S. 2657, also known as the Divided Families Reunification Act, was introduced in March by Sen. Mark Kirk and co-sponsored by Sens. Mark Warner and Cory Gardner, of the Senate Foreign Relations Committee.
The bill would require the State Department to prioritize and conduct regular dialogue with Korean American separated families that have not been able to contact their loved ones in the North since the 1953 armistice agreement ended the Korean War, and includes engaging in diplomatic talks with North Korea and consultations with South Korea for inclusion in the existing reunion process.
An estimated 10 million Korean families were separated by the War. Twenty-one face-to-face and video reunions for 22,000 Koreans have taken place after an agreement by North and South Korea in 1985, but Korean Americans have been excluded.

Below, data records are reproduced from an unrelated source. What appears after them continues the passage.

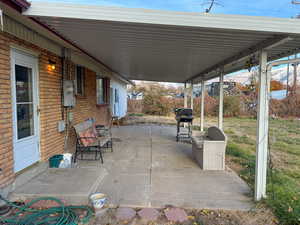 View of patio / terrace with area for grilling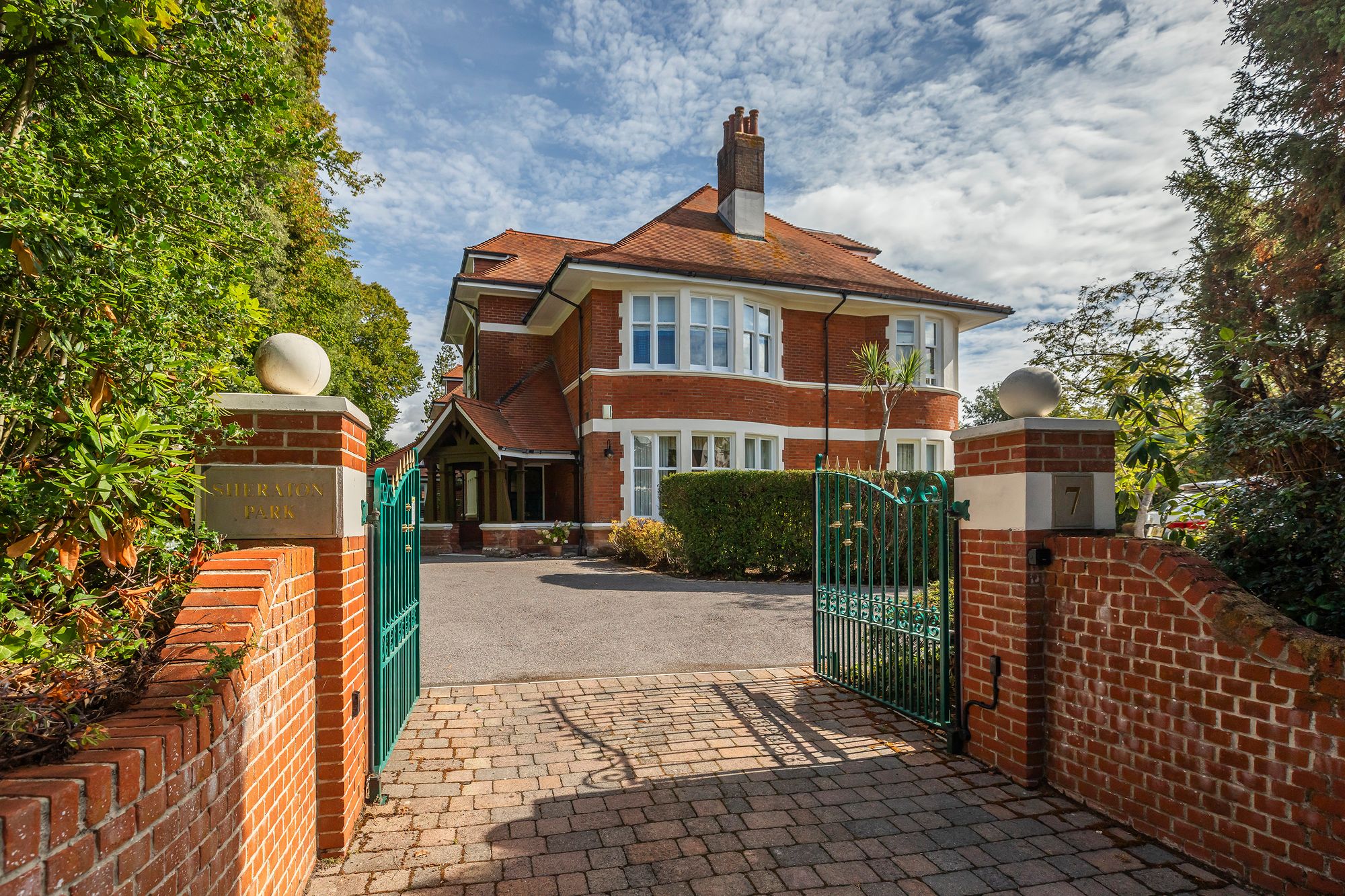 Sheraton Park, Milner Road, West Cliff, Bournemouth, BH4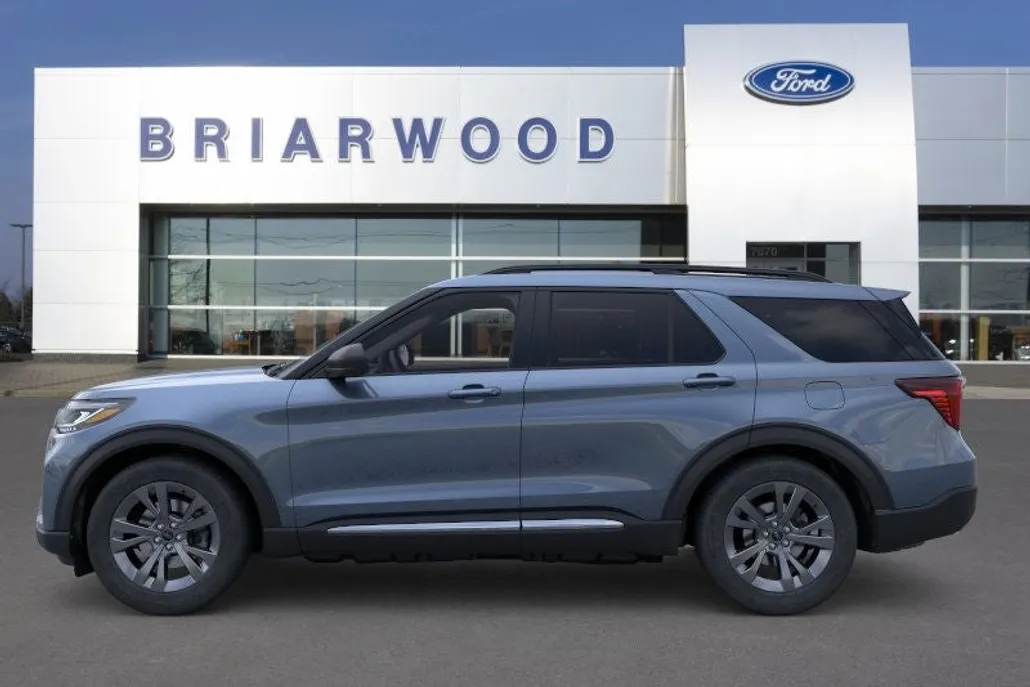 2025 Ford Explorer photo 1
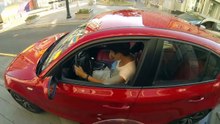 Il jette ses déchets par la vitre de sa voiture, mais il va rapidement le regretter!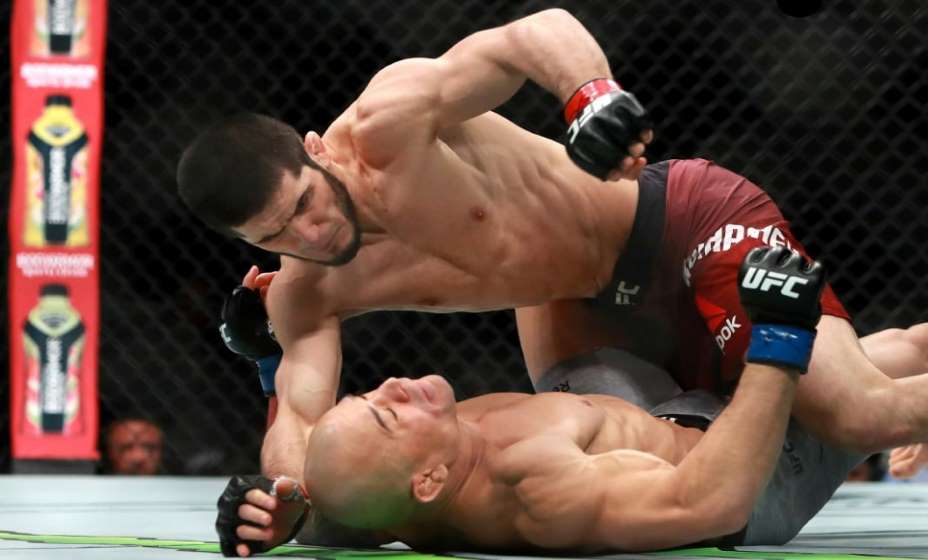 Ислам Махачев уже один раз победил Волкановски, отстояв чемпионский пояс. Фото: UFC Russia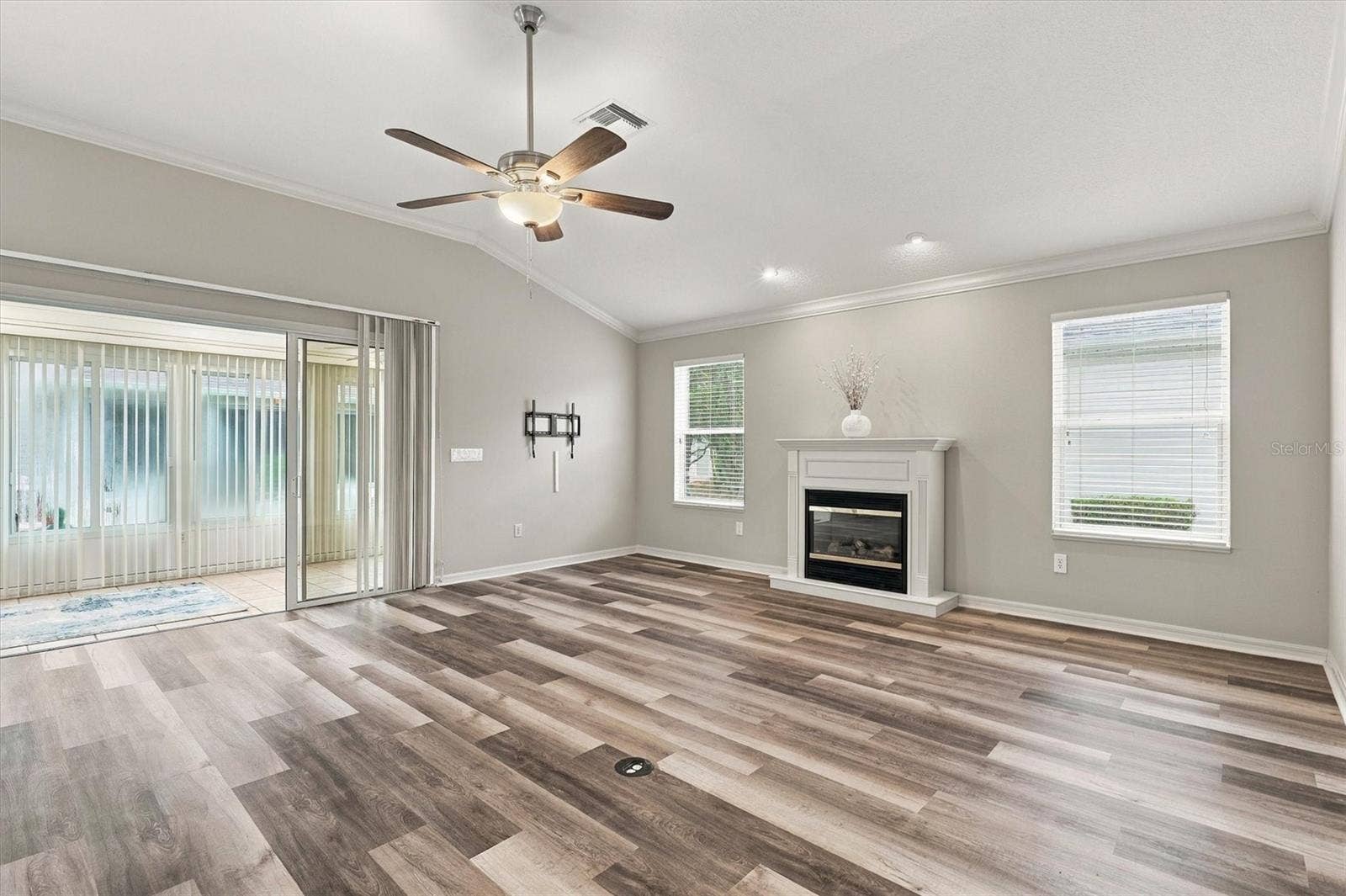 3208 HOPEWELL STREET, The Villages, FL 32162 3208 HOPEWELL STREET, The Villages, FL 32162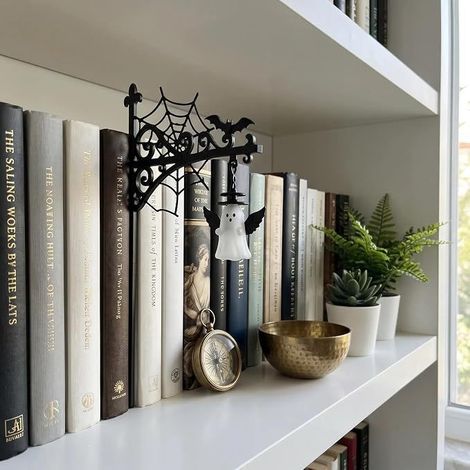 Niedliches neues Feiertagsdesign: Halloween-Bibliotheksregallaterne – Kürbis-Regallampe mit Flügeln und geisterhaftem Design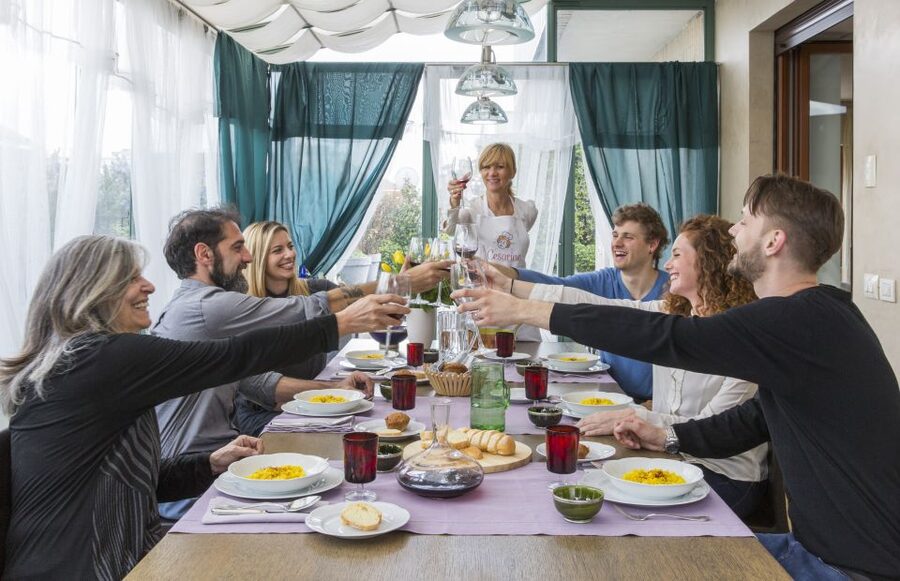 Florence: Dining Experience at a Local's Home - Timing, meeting point, and booking details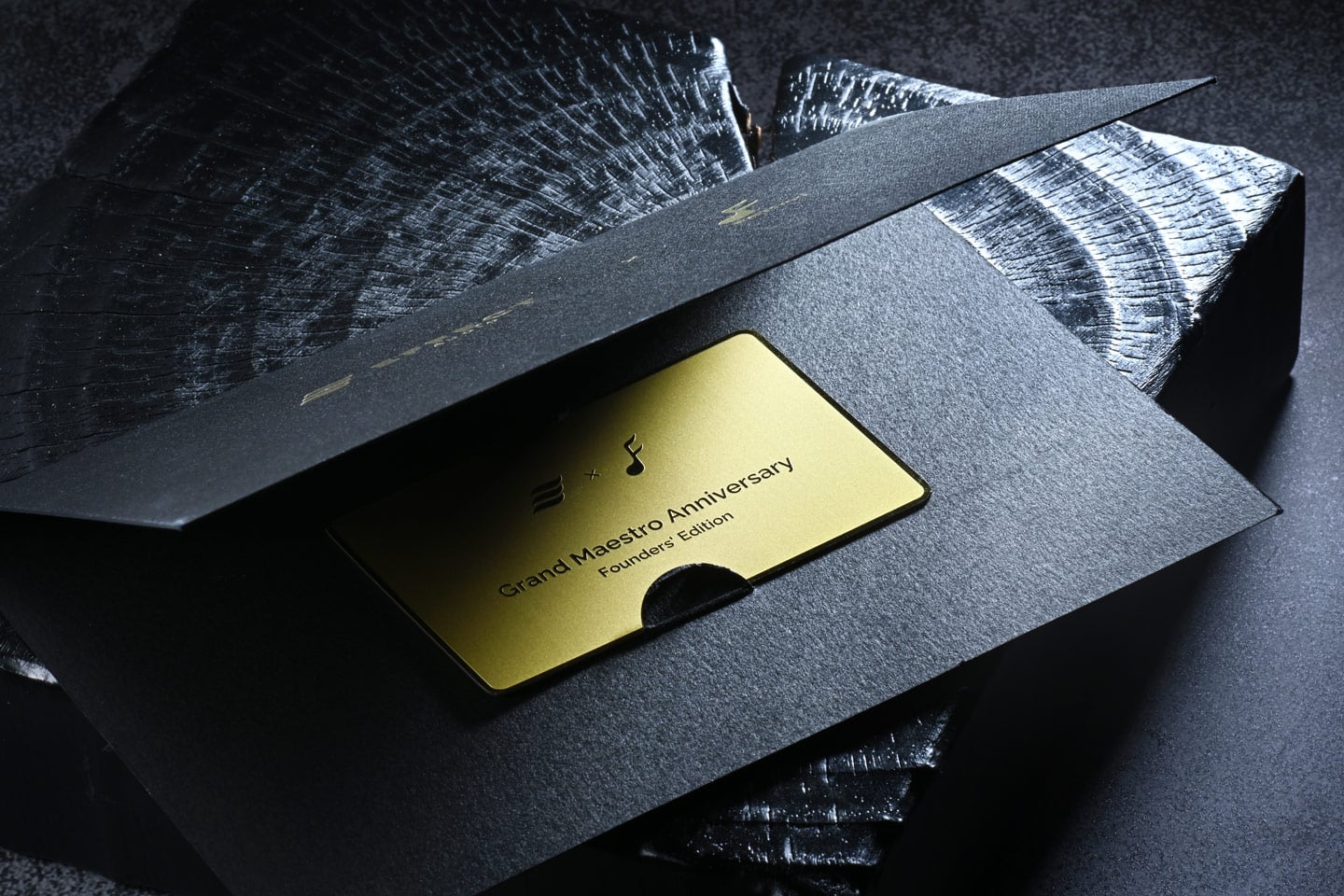 新加坡品牌 Effect Audio 與 FATFreq 聯手推出限量 200 對的 Grand Maestro Anniversary Founders&rsquo; Edition（簡稱 GMA FE），不僅是一次產品的誕生，更像是兩位創辦人關於聲音藝術的深刻交流。Effect Audio 以細膩的線材工藝著稱，FATFreq 則在入耳監聽耳機領域擁有豐富經驗。兩者合作，試圖在聲音細節與整體平衡之間尋找新方向，為旗艦級耳機重新定義。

“It’s a result of the fact that the United States and North Korea do not have diplomatic ties, so neither side is willing to talk about resolving this tragic remnant of the Korean War,” said Sam Yoon, executive director of the Council of Korean Americans, a group of community leaders that have partnered with Divided Families USA (DFUSA) in efforts to educate the community and raise awareness. DFUSA is part of a coalition of representatives from 13 states to make family reunions between Korean Americans and North Koreans a reality.
“Part of our goal is about getting our community to care,” DFUSA Board Chairman Jason Ahn said. He’s the filmmaker of “Divided Families,” a 2014 project detailing the plight of aging Korean Americans separated from their loved ones – estimated to number more than 100,000 – during the Korean War.
“These [separated individuals] are dying. It’s a huge tragedy,” Ahn, who was inspired to take action by the separation of his own maternal grandmother from her sister, said. “It’s even more tragic that we’ve forgotten about these people, as Korean Americans and as U.S. citizens. It’s not an issue that’s ‘just [Koreans’] problem.’ Imagine if you couldn’t see your brother or sister for decades. It’s a fundamentally human issue. We have to empathize.”
Chahee Lee Stanfield (Martin Kim/courtesy photo)
Action for divided families has been an ongoing process since 2000, when Chahee Lee Stanfield, a Chicago resident and divided family member, asked for Kirk to aid Korean Americans like her. Ahn, who said he was amazed at Kirk for his continued championing of the issue through the years, is hopeful the community will make an increased effort to contact their lawmakers about supporting the initiative.
“There’s potential in our community to exercise our voice together,” Ahn said. “We are American citizens. Our government needs to do something for our people.”
Ethnic groups in the U.S. have successfully lobbied for family visits to Cuba and Vietnam in the past, according to Ahn and Yoon. Last year, New York Rep. Charles Rangel, with 150 co-sponsors, introduced a concurrent resolution to throw light on the divided families issue, imploring North Korea to allow Korean Americans family visits. Still, the resolution lacks the force of law and specificity present in Kirk’s bill, which has been adopted into the base text of an appropriations bill for the fiscal year ending Sept. 2017.
“This is a humanitarian issue affecting American citizens … our government [should] prioritize the issue of divided Korean American families who have direct relatives in North Korea,” Yoon said. “After 70 years, Korean Americans deserve to know what happened to their loved ones.”